Pension funds put spotlight on risk management
There is renewed focus on risk measurement and monitoring practices in the pension fund industry as a result of the international financial meltdown last year. Global pension funds are reviewing their processes and procedures to harness new tools that will create a fundamental change in the monitoring of investment and counterparty risk.
‘The new toolkit is required to improve the speed and depth of information available to pension fund trustees in order to assess the level of exposure in their investments. There will need to be a re-engineering of traditional practices to assess risk and performance in line with the high levels of market volatility and pressure on liquidity’, said Wade McDonald of State Street Bank and Trust in the United Kingdom.
He was speaking at a seminar of the Principal Officers Association (POA) in Benoni this week.

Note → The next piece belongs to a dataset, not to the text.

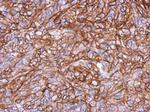 HLA-B Antibody in Immunohistochemistry (Paraffin) (IHC (P))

In an interview he explained that positive changes are possible based essentially on powerful new analytical tools that can consolidate information across local South African and global investments to significantly reduce the time taken to create management information for pension funds to be able to stress test the risks on the assets in the funds. This will make it possible for the South African pension fund industry to improve risk monitoring and to progressively enhance their governance processes on behalf of the members.
McDonald, who heads up State Street’s customer franchise in the UK, Middle East and Africa, pointed out that what is needed now is a fusion of global best practice and capability with the already well established and governed South African pensions industry.
He complimented the POA on their leadership role in assessing how risks could be better managed and highlighted that governance and transparency around all aspects of the investment value chain are critical global themes during these uncertain times.